◆ Web page caption snippets
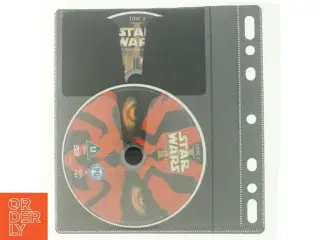 Star Wars I
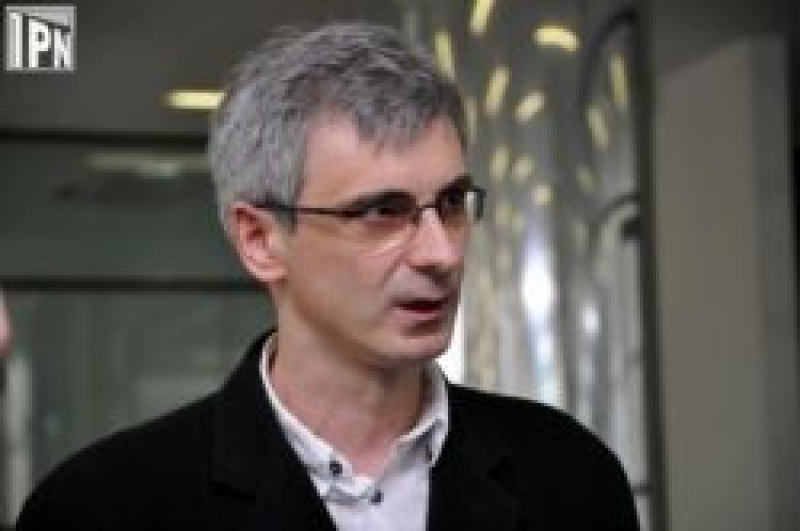 შსს იარაღის უკანონოდ ტარების ბრალდებით ივა ჩიღვინაძის დაკავებას ადასტურებს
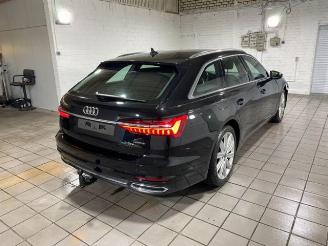Audi A6 avant 45 TFSI quattro S tronic Sport PANO/AHK picture 9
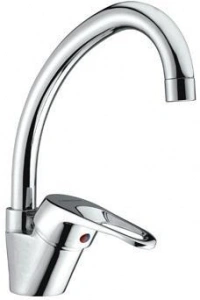 İtimat Zeta Mix 377 Kuğu Eviye Bataryası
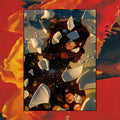 Hand Habits - Sugar The Bruise - Music CD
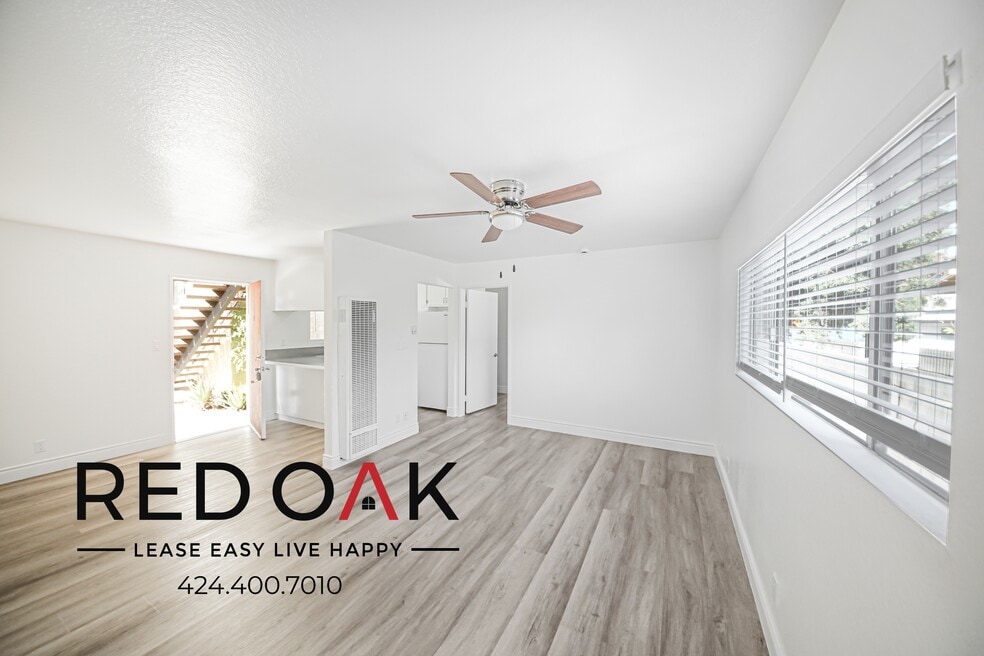 1669 W 261st St unit 7, Los Angeles, CA 90710 - photo 1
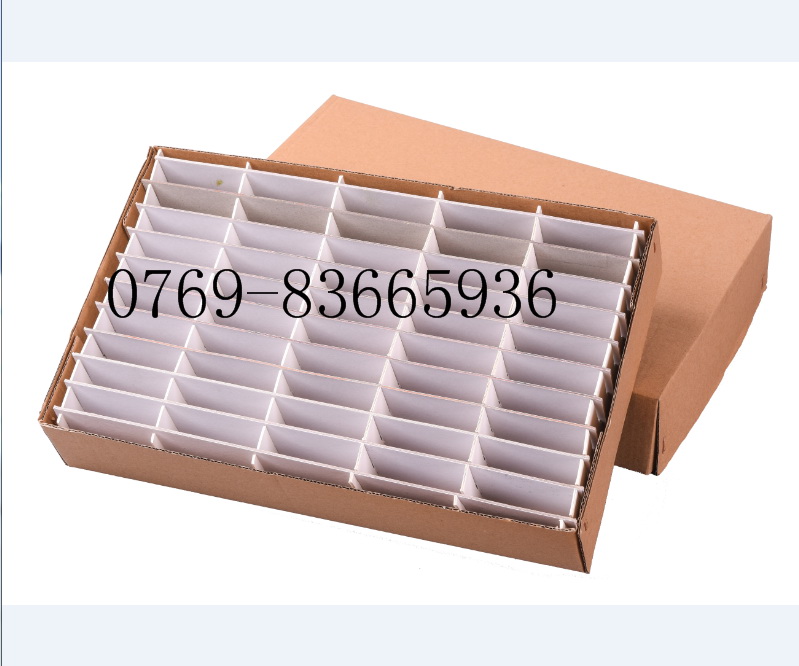 LF-D21 50裝女裝釘盒內雙灰卡四周加邊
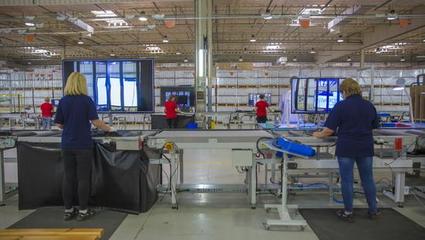 李東生透露TCL國際化線路圖:未來更看利潤 歐洲是重點(diǎn)-電子資訊-捷配電子市場(chǎng)網(wǎng)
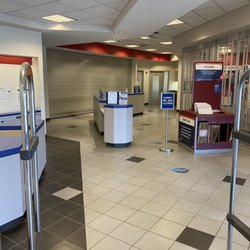 USPS - Atlee Station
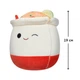 М'яка іграшка Squishmallows – Локшина Дейлі (19 cm) Squishmallows (258066) - зображення 2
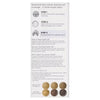 Superdrug root cover up medium blonde 8.0 (British brand)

◆ Exercise
Retype the line containing "М'яка іграшка Squishmallows" and each line after it through the last line of the entries above, exactly, with no pictures and nothing else.

◆ Answer section
 М'яка іграшка Squishmallows – Локшина Дейлі (19 cm) Squishmallows (258066) - зображення 2
 Superdrug root cover up medium blonde 8.0 (British brand)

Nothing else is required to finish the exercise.